Available records below:
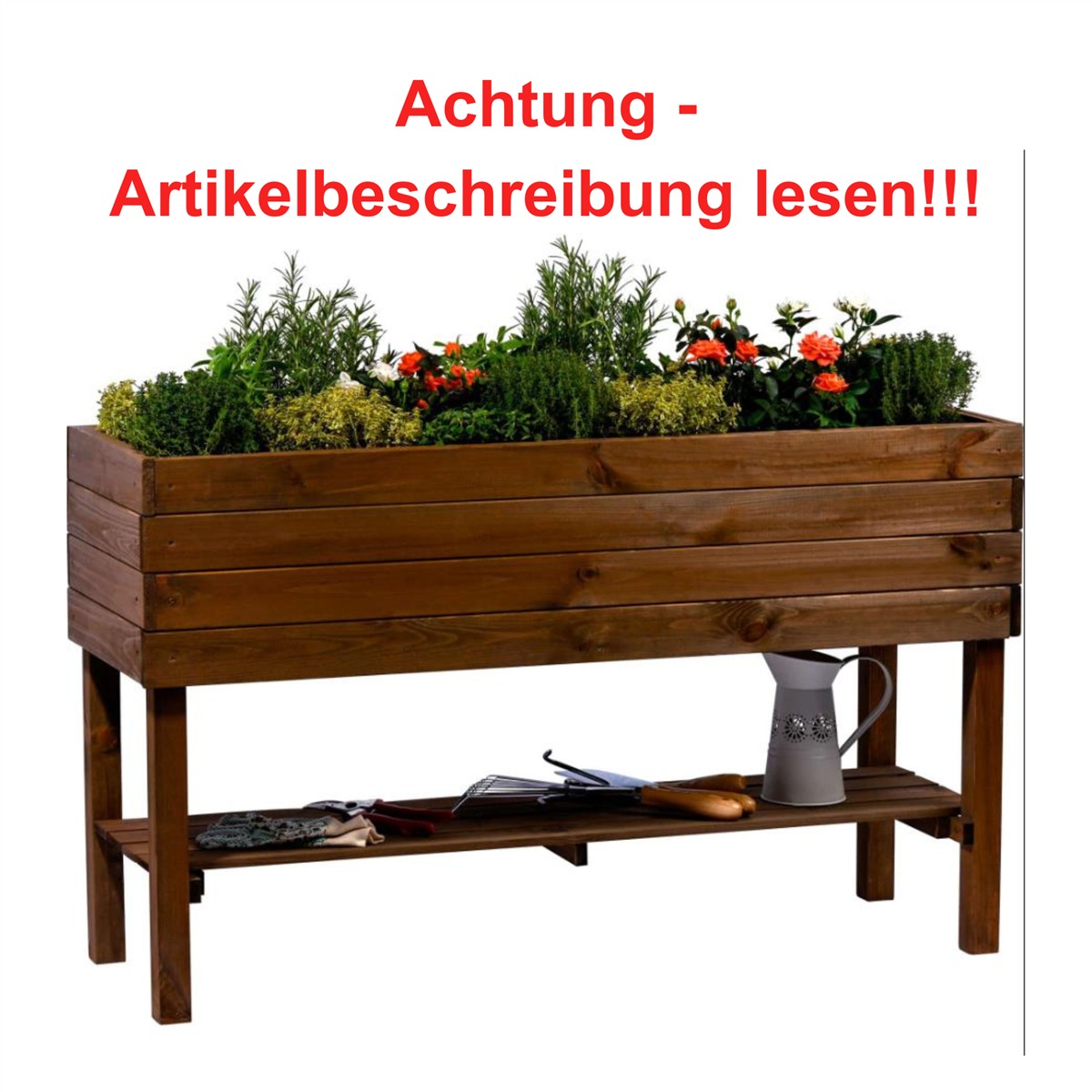Holzpflanzbeet, Blumenkasten, Pflanzgefäß, Holzständer, Gartenwerkzeug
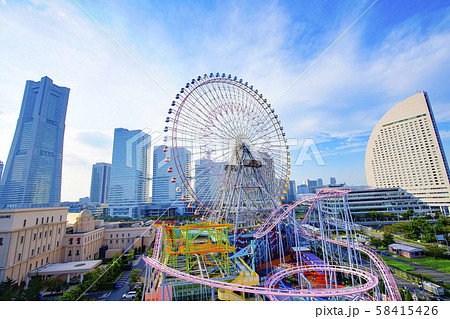 横浜の都市風景と観覧車 神奈川県 58415426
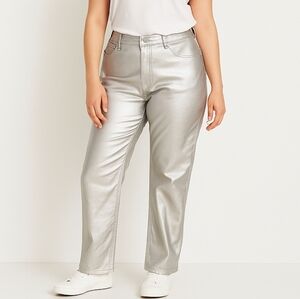 📦SOLD📦✨ INDUSTRY Metallic Silver Pants – Size 6 – Straight Leg Statement Jeans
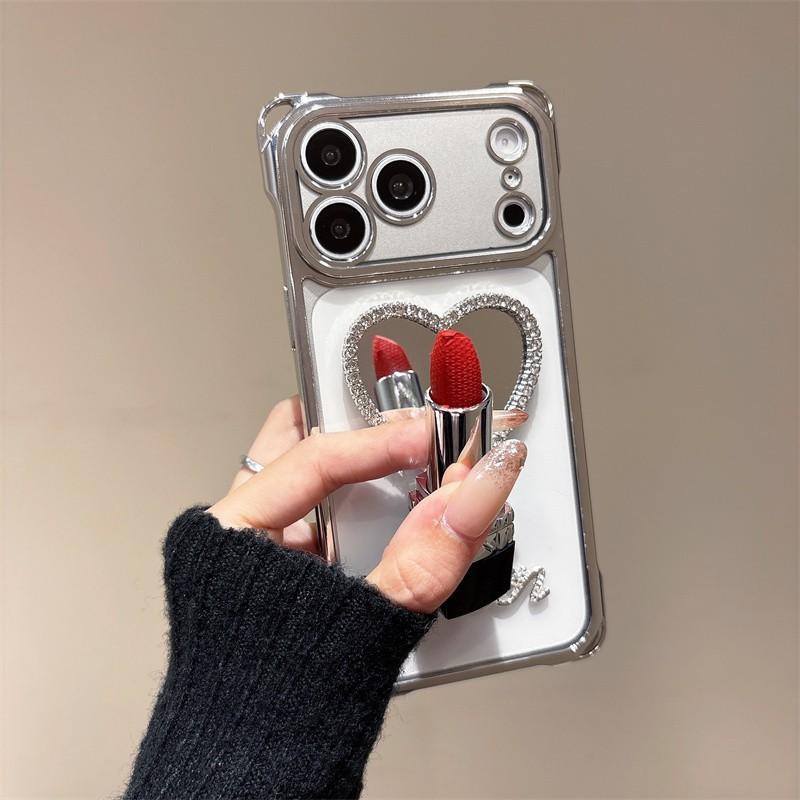 Luxurious Rhinestone Heart Mirror Kickstand Phone Case For iPhone 11 12 13 14 15 16 17 Pro Max 14 15 16 Plus 17Pro Air Y2K Cover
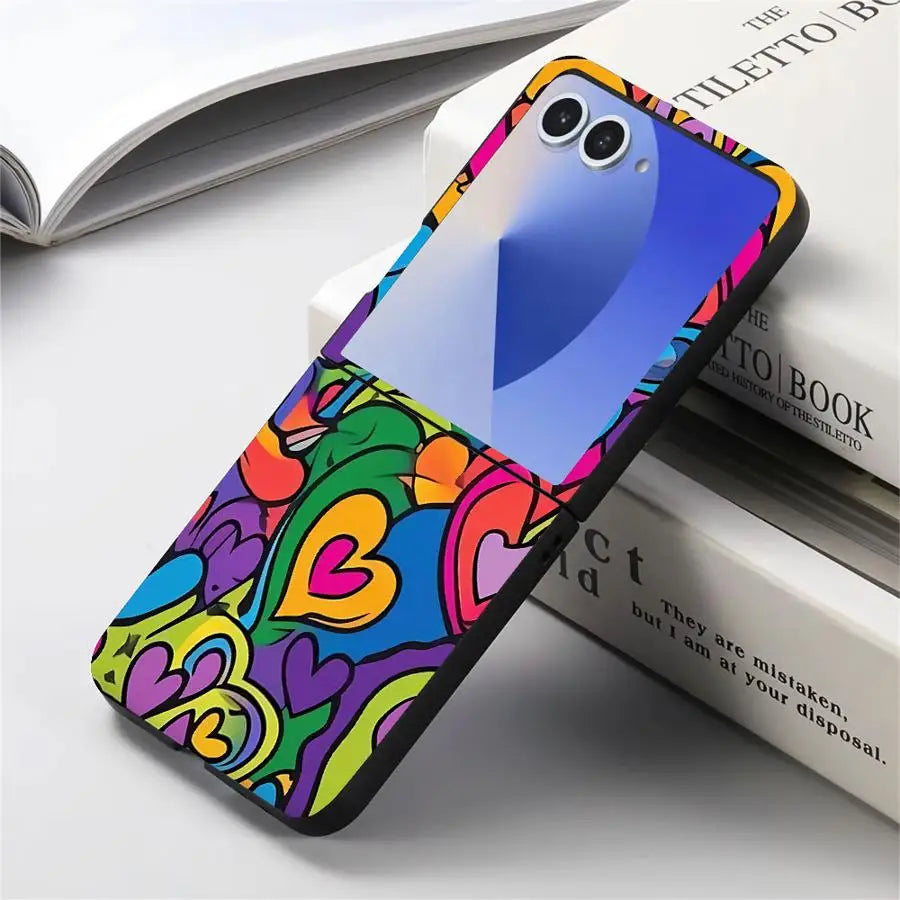Cover Phone Case for Motorola Razr 70 50 60 Ultra Razr Fold 50/60 70 Plus Colorful Hearts Graffiti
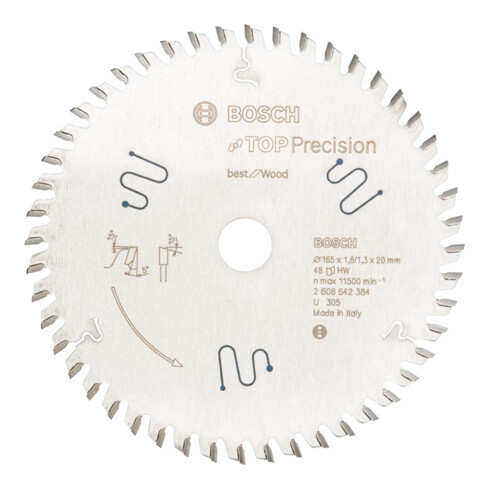 Lame de scie circulaire Bosch Best Holz Pour les scies circulaires à main et à coupe plongeante 20 mm 1,8 mm 165 mm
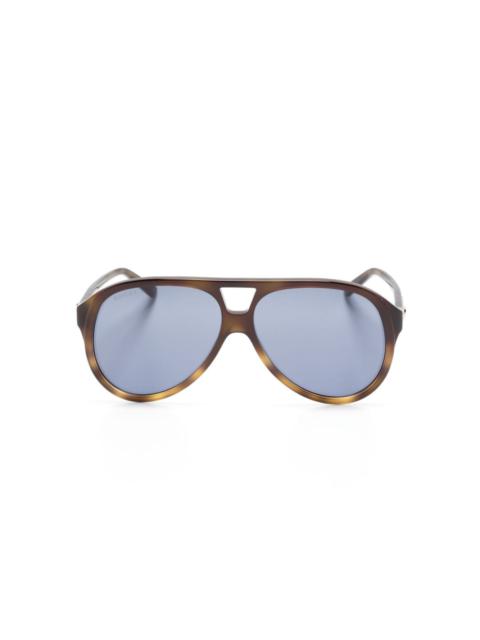 tortoiseshell pilot-frame sunglasses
End of Available records.
• **Activity**
Output, exactly and without pictures, the lines above that run from the one containing "Cover Phone Case" through the last line of the entries, inclusive.

• **Worked solution**
Cover Phone Case for Motorola Razr 70 50 60 Ultra Razr Fold 50/60 70 Plus Colorful Hearts Graffiti
 Lame de scie circulaire Bosch Best Holz Pour les scies circulaires à main et à coupe plongeante 20 mm 1,8 mm 165 mm
 tortoiseshell pilot-frame sunglasses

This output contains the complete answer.